The visa has been submitted and paid, but we have realised that we answered incorrectly to the question : 

"6.3 Have you been refused a visa for any country, including the UK."

We answered 'No', but my wife recalled that in 1989 she was refused a visa to travel to the USA. (she was a student at the time, so maybe that was significant i.e. insufficient funds). She was not given a reason, but has since applied again and been accepted.

Should we make the correction? Or is it too late? 

Thanks


----------



## AmyD (Jan 12, 2013)

It is too late. Mention it in the cover letter (though it is unlikely to be deemed important.) The UKBA would prefer you err on the side of caution.


----------



## WestCoastCanadianGirl (Mar 17, 2012)

On the printed application, cross off the "NO" and tick the "YES" and initial the correction.

She will have to declare the circumstances behind the visa refusal (ie Country of Refusal and Date of Refusal).

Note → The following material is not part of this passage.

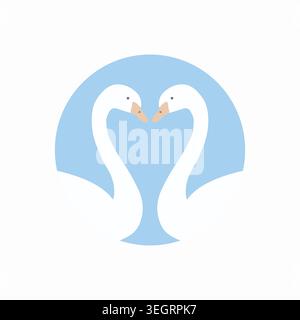 Simple illustration of two white swans facing each other inside a pale blue circular background Stock Vector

It shouldn't be much of an issue for the current application (because she's received subsequent Visas to the USA) but it _must be_ declared.

Good luck to you!


----------



## Joppa (Sep 7, 2009)

Yes, as stated, you correct on the printed out application and send it with your supporting documents. Attach a note that this is a correction of entry made in online application.


----------



## marie1715 (Feb 5, 2013)

This happened with my student visa application years back where I forgot some countries I had visited. Did exactly what WestCoastCanadianGirl advised with an initial and wrote see attached page, where I attached a typed up explanation and correction.


----------



## majambi (Apr 17, 2013)

Many thanks guys, you saved me once again!


----------



## majambi (Apr 17, 2013)

One other related, and hopefully final question on this matter. When entering the list of countries visited outside the UK over the last 10 years, we ran out of space in the online textbox control. I was not able to type in any more text to state that the applicant has travelled to Cancun. I mentioned Cancun in our introduction letter, as that is one of the places we met up when we were courting. How should I add that, the same way?


Thanks!


----------



## Joppa (Sep 7, 2009)

It says:
"If you realise that you made a mistake on your online form, you cannot change it after you have submitted the form. Please make any changes in writing on your printed application form."

http://www.ukba.homeoffice.gov.uk/countries/usa/applying/?langname=UK


----------